Commons calls for rethink on Integrated Rail Plan

MPs have voted in favour of further work on the Integrated Rail Plan, which involves cutting the eastern leg of HS2 back to East Midlands Parkway and shortening a new high speed line running west to east in the north. The Midland Main Line is to be electrified in full, the East Coast Main Line upgraded and the Transpennine Main Line will also provide an electrified through route from Liverpool to York and beyond. 

Even so, the Plan was bitterly criticised in the north of England, but transport secretary Grant Shapps has defended the £96 billion-worth of proposals by saying that they will ‘rebalance our economic geography’.

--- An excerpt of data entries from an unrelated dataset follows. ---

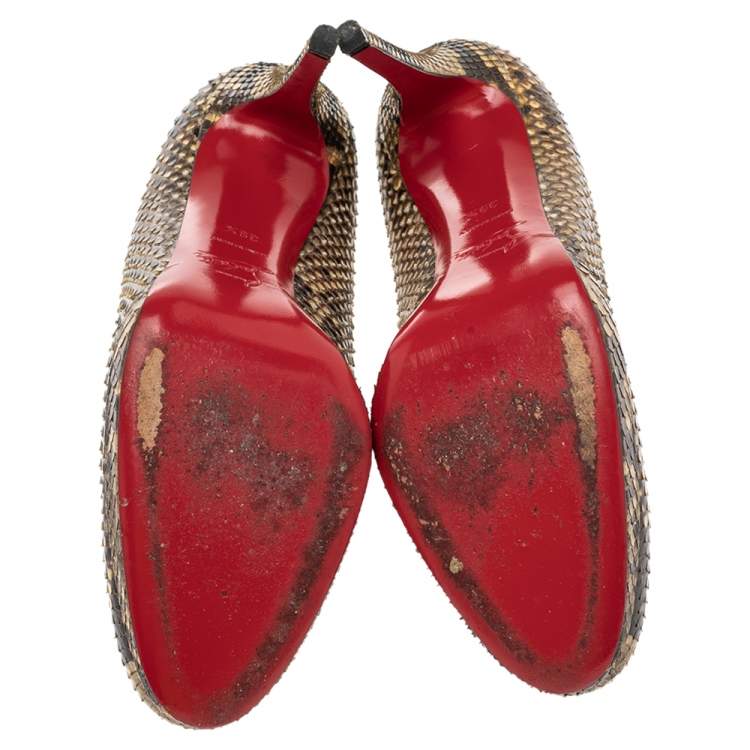 Pre Owned Christian Louboutin Cream/Brown Python Leather New Simple Platform Pumps Size 39.5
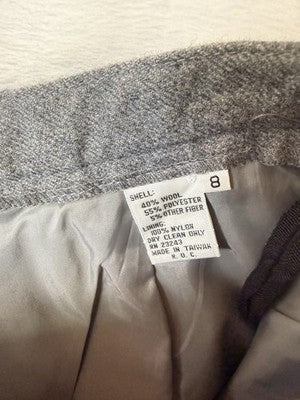 Vintage 80s Womens Blazer Skirt Suit Set 8 10 Gray Wool Dark Academia Whimsigoth
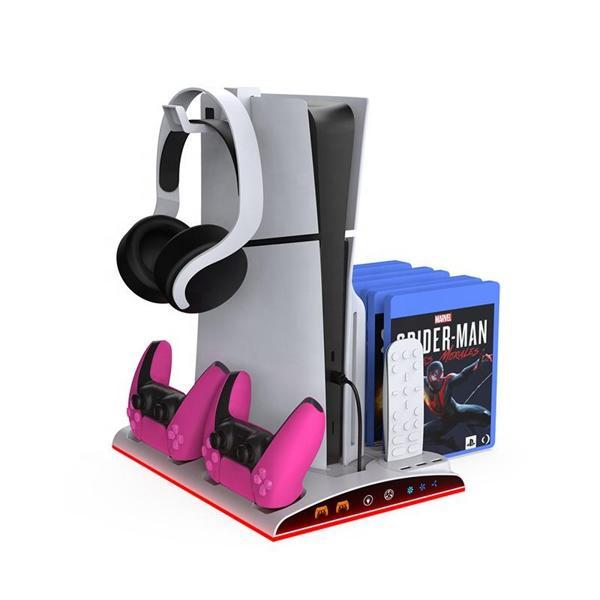 Ps5 Fanlı Şarj Standı- Rgb Işıklı + Soğutma+Kulaklık Tutucu - Image 1
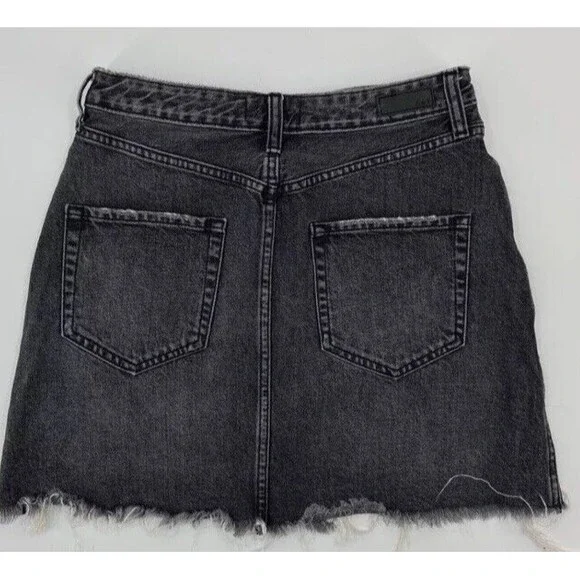 Abercrombie Fitch Womens Denim Mini Skirt Sz 4 27 Black Distressed A‎ Line Jean - Picture 2 of 7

Last night, Labour used one of its 20 Opposition Day debates to call for the government to ‘deliver, in full, the infrastructure that was promised to the North at the last election, including Northern Powerhouse Rail as well as the new high-speed line beyond Nottingham’.

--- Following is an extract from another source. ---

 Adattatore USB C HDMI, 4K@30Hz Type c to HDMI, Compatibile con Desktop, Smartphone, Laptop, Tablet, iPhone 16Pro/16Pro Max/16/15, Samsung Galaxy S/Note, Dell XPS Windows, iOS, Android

Labour shadow transport secretary Louise Haigh told MPs: ‘No fewer than 60 times, the Conservative Government committed to deliver Northern Powerhouse Rail in full. Conservative Members stood on a manifesto to deliver it—and the eastern leg of HS2—in three consecutive elections. Just two months ago, at the Conservative party conference, the Prime Minister said it all again. I imagine that Conservative Members are feeling pretty ashamed of their Government today.’

Conservative MPs did not agree. Transport secretary Grant Shapps said: ‘Our reforming vision marks a new era of investment and growth. The integrated rail plan starts to provide benefits to passengers and communities quickly, rather than leaving it for two decades as previously planned.’

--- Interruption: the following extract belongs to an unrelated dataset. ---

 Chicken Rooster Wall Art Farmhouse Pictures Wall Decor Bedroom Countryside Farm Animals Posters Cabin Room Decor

Tory Paul Maynard, who is a former transport minister, added: ‘The integrated rail plan does not contain everything I might wish and, like my hon. Friend the Member for Harrogate and Knaresborough, I would rather see phase 2b, the eastern leg, go ahead. I would rather see Bradford served much better than it will be, but that does not make the integrated rail plan an incoherent and unrealistic package. … The nature of building railways is that we cannot predict how easy it will be. Plans will change and details will alter, but at least we now have a baseline for what can be delivered …’

In the non-binding vote at the end of the debate, the motion was supported by 139 opposition votes to nil. It was resolved: ‘That this House recognises the importance of rail investment to the UK economy … regrets the Government’s decision not to deliver new high speed investment, Northern Powerhouse Rail in full … calls on the Government to deliver the new northern rail investment promised by the Prime Minister in full; and further calls on the Secretary of State for Transport to update the House in person before January 2022 on his Department’s benefit cost ratio analysis for the revised HS2 line.’